> [TASK ITEM]: Take the records below and print them verbatim up to and including the line that carries "iMoshion Screenprotector Geschikt".

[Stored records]
Content starts
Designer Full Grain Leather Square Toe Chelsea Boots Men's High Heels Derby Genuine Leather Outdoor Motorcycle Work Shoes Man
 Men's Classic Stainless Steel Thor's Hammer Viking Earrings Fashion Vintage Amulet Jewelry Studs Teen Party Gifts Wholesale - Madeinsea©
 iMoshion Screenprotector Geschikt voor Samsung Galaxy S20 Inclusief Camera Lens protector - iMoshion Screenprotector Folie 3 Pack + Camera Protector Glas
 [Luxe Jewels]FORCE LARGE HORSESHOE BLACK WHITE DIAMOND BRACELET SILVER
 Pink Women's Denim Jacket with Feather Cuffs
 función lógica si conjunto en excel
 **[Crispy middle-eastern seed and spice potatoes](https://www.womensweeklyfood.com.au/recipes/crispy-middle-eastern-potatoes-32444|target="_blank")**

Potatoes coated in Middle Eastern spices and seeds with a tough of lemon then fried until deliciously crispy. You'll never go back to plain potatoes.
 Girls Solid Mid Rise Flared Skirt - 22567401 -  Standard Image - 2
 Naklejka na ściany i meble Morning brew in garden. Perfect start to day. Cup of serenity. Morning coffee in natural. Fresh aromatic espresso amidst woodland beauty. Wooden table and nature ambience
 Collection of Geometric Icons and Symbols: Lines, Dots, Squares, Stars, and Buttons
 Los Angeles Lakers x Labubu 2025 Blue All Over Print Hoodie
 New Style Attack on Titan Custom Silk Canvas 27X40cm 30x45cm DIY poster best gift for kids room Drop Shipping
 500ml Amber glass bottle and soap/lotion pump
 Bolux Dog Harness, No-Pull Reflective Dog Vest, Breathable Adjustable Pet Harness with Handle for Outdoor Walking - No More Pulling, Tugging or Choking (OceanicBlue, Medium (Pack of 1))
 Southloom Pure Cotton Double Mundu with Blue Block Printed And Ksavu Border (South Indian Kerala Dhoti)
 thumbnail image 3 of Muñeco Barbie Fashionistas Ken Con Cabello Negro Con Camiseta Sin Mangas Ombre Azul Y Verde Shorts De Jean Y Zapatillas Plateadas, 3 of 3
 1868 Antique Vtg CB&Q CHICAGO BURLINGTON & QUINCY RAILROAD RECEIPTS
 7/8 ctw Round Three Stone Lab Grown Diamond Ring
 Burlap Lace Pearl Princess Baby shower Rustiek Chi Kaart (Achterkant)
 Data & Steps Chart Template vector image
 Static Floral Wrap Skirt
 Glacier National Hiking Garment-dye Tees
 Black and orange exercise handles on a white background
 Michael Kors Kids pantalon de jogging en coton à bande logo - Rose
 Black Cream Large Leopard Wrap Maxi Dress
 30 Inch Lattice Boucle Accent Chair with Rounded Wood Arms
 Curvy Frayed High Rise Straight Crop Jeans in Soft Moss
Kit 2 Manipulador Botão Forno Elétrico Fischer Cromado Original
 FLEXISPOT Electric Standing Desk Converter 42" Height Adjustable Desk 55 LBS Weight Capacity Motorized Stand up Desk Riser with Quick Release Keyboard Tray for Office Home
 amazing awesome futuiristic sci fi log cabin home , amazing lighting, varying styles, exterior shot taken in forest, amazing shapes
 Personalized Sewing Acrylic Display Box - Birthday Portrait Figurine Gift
Content ends
> [SOLUTION FOR THIS PROBLEM]:
Designer Full Grain Leather Square Toe Chelsea Boots Men's High Heels Derby Genuine Leather Outdoor Motorcycle Work Shoes Man
 Men's Classic Stainless Steel Thor's Hammer Viking Earrings Fashion Vintage Amulet Jewelry Studs Teen Party Gifts Wholesale - Madeinsea©
 iMoshion Screenprotector Geschikt voor Samsung Galaxy S20 Inclusief Camera Lens protector - iMoshion Screenprotector Folie 3 Pack + Camera Protector Glas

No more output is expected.